産学連携における大学の価値 経済的な自立を導き出す

――東京大学はこの5~6年で産学連携へ向けて大きく踏み出したように思います。象徴的な施策をいくつも展開されています。

五神氏 総長になってすぐ、任期中の行動指針として「東京大学ビジョン2020」を作りました。文部科学省からの資金のみに頼るのではなく、産業界と連携することで大学が持つ価値を自ら理解し、それを高める中で、経済的に自立していくためです。
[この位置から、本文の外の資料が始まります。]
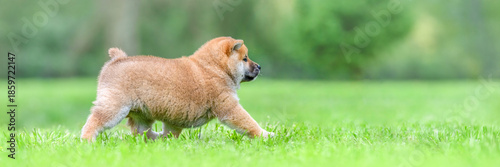 Portrait of a young male Shiba Inu walking in a meadow on a breeding dog farm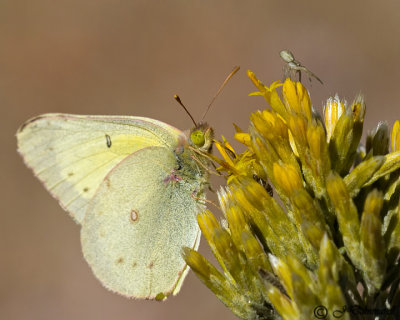 Sulphur Butterfly and Spider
総長になってまず実感したのは、大学自身が大きく変わらなければならないということです。一番の問題は、資金です。大学の場合、総長といえども自由裁量で使えるお金はほとんどありません。そこで、私は大学が持つ土地や資産を徹底的に洗い出しました。その有効利用を進めることで、まずは年間10億円規模の資金を捻出したのです。


五神 真氏

しかし、東京大学は年間予算2500億円規模の事業体です。10億円は貴重なお金ではありますが、単にそれを使ってしまうのでは焼け石に水です。そこで、この資金をテコにまとまったお金を作り、将来の成長に向けて集中的に先行投資したいと考案したのが、「東京大学FSI(Future Society Initiative)債」の発行です。初めての起債にもかかわらず40年債で200億円という未曽有の規模でしたが、一瞬で売り切れ、いくつもの賞をいただきました。
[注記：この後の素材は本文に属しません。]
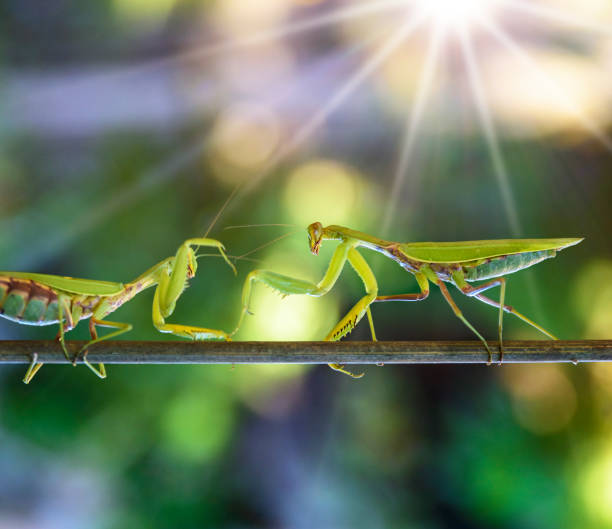 istock two green praying mantis fighting on a branch 1051252572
また、東京大学ビジョン2020の策定後、多くの経済界の方々と議論した結果、「日本では未来への投資対象が明確になっていない」という大きな問題に気づきました。ならば、それを一緒に作りましょうと。未来に対してどういうビジョンを持ち、何に投資していくべきか。ゼロベースで議論できるような産学連携をやろうということで、当時経団連会長だった中西宏明氏と議論し、産業界との大きな連携を実現していきました。


平井 良典氏

平井氏 明確なビジョンがなければ成長はできません。バブル崩壊後の日本では、確かにそうしたビジョンが出てこなかったように思います。産業界でもこうしたビジョンは重要です。我々も10年後の自社の「ありたい姿」をまとめ、社内外に公表しています。長期的なマクロトレンドからバックキャストして、今やるべきことを明確化することで、本当になりたい姿に近づいていくことができるはずです。
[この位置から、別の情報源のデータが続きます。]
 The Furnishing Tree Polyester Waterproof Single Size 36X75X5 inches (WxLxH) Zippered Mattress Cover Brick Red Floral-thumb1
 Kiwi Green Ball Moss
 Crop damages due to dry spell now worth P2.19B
五神氏 産学連携の考え方を根本から整理する中で、大学側にもう1つ大きな問題があったことに気づきました。年間予算2500億円規模の事業体なのに、法務のプロフェッショナルがいなかったことです。私はすぐに現役の弁護士に知的財産部長としてフルタイムで来てもらい、個別の実態に応じた産学連携の契約書を1本1本しっかりと作れる体制を整えました。契約が整備できなければ100億円規模の大規模連携は無理ですし、お互いが困らない知財の扱いをしなければ企業側も不安になるばかりです。

この体制を活かし、IBMの米国本社と契約し、台湾の半導体ファウンドリーであるTSMC社とも包括契約を結びました。「東京大学国際オープンイノベーション機構」という形でも産学連携の基盤を整え、本機構で初となる大型共同研究プロジェクトをAGCと進めています。

社会全体への貢献が経営テーマに 日本の素材産業に世界が期待

――カーボンニュートラルや脱炭素化など社会的課題への関心が高まり、ROE的な視点だけでなく、ESG投資や企業の社会的価値がクローズアップされています。

平井 良典氏

平井氏 AGCの手がける素材という産業は、初期の開発から事業化までに時間を必要とします。だからこそ長期的な視野に立ち、株主だけでなく顧客、従業員、ひいては社会全体に対してどのように貢献していくかが、持続可能性を見据えた今日の経営における重要なテーマになっています。足元での結果を出しながら、10年先、20年先もぶれずにやっていくことを、経営の中心に掲げています。その中で、大学との連携が生きてくると考えています。短期志向ではなく、非常に長期的な視点で素材の新しい価値に取り組むことができるからです。結果的にはその取り組みが、株主への還元にもつながっていくでしょう。

五神氏 環境投資の面では、脱炭素が明確な課題になっていることは、変化のチャンスだと思います。2030年に温室効果ガス46%削減、2050年にカーボンニュートラルという目標の達成は既存の技術や知恵だけでは極めて困難です。海外の識者と話していると、この面で日本への期待が大きいのは、やはり素材です。日本の素材産業が衰退すると困る海外企業がたくさんあるからです。その強みをどのように生かしていくのか、長期的な視点を打ち出し、投資家も魅了する仕組みを考えていかなければなりません。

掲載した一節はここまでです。